• **ACTIVITY**:
Please give the data again in full, precisely as it is written.

• **GIVEN RECORDS**:
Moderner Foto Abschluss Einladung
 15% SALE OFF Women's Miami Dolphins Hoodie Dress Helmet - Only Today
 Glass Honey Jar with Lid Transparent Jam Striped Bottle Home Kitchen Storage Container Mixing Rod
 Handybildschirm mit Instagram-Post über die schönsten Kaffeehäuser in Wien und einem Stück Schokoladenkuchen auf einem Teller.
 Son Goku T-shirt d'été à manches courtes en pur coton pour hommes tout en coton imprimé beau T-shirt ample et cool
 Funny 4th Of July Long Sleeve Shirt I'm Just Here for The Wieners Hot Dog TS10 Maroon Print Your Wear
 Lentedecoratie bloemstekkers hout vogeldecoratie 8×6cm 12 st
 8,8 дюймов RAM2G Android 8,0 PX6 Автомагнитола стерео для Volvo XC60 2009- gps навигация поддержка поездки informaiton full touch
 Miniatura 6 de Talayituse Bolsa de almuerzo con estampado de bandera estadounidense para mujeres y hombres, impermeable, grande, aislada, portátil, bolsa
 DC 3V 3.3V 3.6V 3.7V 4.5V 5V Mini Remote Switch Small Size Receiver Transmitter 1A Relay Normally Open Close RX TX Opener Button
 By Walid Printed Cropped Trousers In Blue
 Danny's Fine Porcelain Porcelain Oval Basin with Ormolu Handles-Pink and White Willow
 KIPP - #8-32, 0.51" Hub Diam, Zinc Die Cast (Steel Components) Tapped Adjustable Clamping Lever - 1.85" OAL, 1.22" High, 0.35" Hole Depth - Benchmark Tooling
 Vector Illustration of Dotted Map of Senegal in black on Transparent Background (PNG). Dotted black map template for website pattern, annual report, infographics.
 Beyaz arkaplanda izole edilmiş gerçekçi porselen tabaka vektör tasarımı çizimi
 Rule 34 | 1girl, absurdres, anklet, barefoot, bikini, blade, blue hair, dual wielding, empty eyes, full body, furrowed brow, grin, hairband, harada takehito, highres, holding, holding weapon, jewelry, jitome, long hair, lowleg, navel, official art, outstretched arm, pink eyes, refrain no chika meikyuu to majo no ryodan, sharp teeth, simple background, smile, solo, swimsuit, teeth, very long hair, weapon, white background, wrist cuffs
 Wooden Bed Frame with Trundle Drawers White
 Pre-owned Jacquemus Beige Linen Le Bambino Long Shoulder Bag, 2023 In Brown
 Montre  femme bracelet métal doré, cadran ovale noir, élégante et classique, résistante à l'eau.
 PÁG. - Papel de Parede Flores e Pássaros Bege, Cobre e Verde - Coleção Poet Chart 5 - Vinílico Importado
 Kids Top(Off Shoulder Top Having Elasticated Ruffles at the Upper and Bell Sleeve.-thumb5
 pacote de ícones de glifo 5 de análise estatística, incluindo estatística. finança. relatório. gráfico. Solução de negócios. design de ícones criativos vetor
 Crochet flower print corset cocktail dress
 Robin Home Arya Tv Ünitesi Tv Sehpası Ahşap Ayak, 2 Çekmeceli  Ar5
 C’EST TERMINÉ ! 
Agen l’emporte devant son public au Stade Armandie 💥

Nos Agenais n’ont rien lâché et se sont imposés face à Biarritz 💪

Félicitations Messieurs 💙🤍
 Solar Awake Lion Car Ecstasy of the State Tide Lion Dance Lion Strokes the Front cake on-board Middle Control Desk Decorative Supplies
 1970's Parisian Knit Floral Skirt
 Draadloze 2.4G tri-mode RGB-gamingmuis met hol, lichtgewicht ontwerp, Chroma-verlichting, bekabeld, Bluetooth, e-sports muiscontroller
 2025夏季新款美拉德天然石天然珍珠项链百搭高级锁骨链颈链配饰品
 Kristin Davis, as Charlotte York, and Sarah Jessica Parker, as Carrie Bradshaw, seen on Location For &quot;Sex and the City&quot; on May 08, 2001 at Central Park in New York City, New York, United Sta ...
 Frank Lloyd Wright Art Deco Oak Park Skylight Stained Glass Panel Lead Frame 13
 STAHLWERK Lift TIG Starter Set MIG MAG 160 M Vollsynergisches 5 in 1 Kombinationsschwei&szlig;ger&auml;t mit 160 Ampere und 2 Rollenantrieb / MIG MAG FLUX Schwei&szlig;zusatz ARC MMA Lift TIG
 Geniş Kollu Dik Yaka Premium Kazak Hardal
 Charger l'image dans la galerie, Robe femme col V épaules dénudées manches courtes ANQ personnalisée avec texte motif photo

• **OUTPUT FOR THIS TASK**:
Moderner Foto Abschluss Einladung
 15% SALE OFF Women's Miami Dolphins Hoodie Dress Helmet - Only Today
 Glass Honey Jar with Lid Transparent Jam Striped Bottle Home Kitchen Storage Container Mixing Rod
 Handybildschirm mit Instagram-Post über die schönsten Kaffeehäuser in Wien und einem Stück Schokoladenkuchen auf einem Teller.
 Son Goku T-shirt d'été à manches courtes en pur coton pour hommes tout en coton imprimé beau T-shirt ample et cool
 Funny 4th Of July Long Sleeve Shirt I'm Just Here for The Wieners Hot Dog TS10 Maroon Print Your Wear
 Lentedecoratie bloemstekkers hout vogeldecoratie 8×6cm 12 st
 8,8 дюймов RAM2G Android 8,0 PX6 Автомагнитола стерео для Volvo XC60 2009- gps навигация поддержка поездки informaiton full touch
 Miniatura 6 de Talayituse Bolsa de almuerzo con estampado de bandera estadounidense para mujeres y hombres, impermeable, grande, aislada, portátil, bolsa
 DC 3V 3.3V 3.6V 3.7V 4.5V 5V Mini Remote Switch Small Size Receiver Transmitter 1A Relay Normally Open Close RX TX Opener Button
 By Walid Printed Cropped Trousers In Blue
 Danny's Fine Porcelain Porcelain Oval Basin with Ormolu Handles-Pink and White Willow
 KIPP - #8-32, 0.51" Hub Diam, Zinc Die Cast (Steel Components) Tapped Adjustable Clamping Lever - 1.85" OAL, 1.22" High, 0.35" Hole Depth - Benchmark Tooling
 Vector Illustration of Dotted Map of Senegal in black on Transparent Background (PNG). Dotted black map template for website pattern, annual report, infographics.
 Beyaz arkaplanda izole edilmiş gerçekçi porselen tabaka vektör tasarımı çizimi
 Rule 34 | 1girl, absurdres, anklet, barefoot, bikini, blade, blue hair, dual wielding, empty eyes, full body, furrowed brow, grin, hairband, harada takehito, highres, holding, holding weapon, jewelry, jitome, long hair, lowleg, navel, official art, outstretched arm, pink eyes, refrain no chika meikyuu to majo no ryodan, sharp teeth, simple background, smile, solo, swimsuit, teeth, very long hair, weapon, white background, wrist cuffs
 Wooden Bed Frame with Trundle Drawers White
 Pre-owned Jacquemus Beige Linen Le Bambino Long Shoulder Bag, 2023 In Brown
 Montre  femme bracelet métal doré, cadran ovale noir, élégante et classique, résistante à l'eau.
 PÁG. - Papel de Parede Flores e Pássaros Bege, Cobre e Verde - Coleção Poet Chart 5 - Vinílico Importado
 Kids Top(Off Shoulder Top Having Elasticated Ruffles at the Upper and Bell Sleeve.-thumb5
 pacote de ícones de glifo 5 de análise estatística, incluindo estatística. finança. relatório. gráfico. Solução de negócios. design de ícones criativos vetor
 Crochet flower print corset cocktail dress
 Robin Home Arya Tv Ünitesi Tv Sehpası Ahşap Ayak, 2 Çekmeceli  Ar5
 C’EST TERMINÉ ! 
Agen l’emporte devant son public au Stade Armandie 💥

Nos Agenais n’ont rien lâché et se sont imposés face à Biarritz 💪

Félicitations Messieurs 💙🤍
 Solar Awake Lion Car Ecstasy of the State Tide Lion Dance Lion Strokes the Front cake on-board Middle Control Desk Decorative Supplies
 1970's Parisian Knit Floral Skirt
 Draadloze 2.4G tri-mode RGB-gamingmuis met hol, lichtgewicht ontwerp, Chroma-verlichting, bekabeld, Bluetooth, e-sports muiscontroller
 2025夏季新款美拉德天然石天然珍珠项链百搭高级锁骨链颈链配饰品
 Kristin Davis, as Charlotte York, and Sarah Jessica Parker, as Carrie Bradshaw, seen on Location For &quot;Sex and the City&quot; on May 08, 2001 at Central Park in New York City, New York, United Sta ...
 Frank Lloyd Wright Art Deco Oak Park Skylight Stained Glass Panel Lead Frame 13
 STAHLWERK Lift TIG Starter Set MIG MAG 160 M Vollsynergisches 5 in 1 Kombinationsschwei&szlig;ger&auml;t mit 160 Ampere und 2 Rollenantrieb / MIG MAG FLUX Schwei&szlig;zusatz ARC MMA Lift TIG
 Geniş Kollu Dik Yaka Premium Kazak Hardal
 Charger l'image dans la galerie, Robe femme col V épaules dénudées manches courtes ANQ personnalisée avec texte motif photo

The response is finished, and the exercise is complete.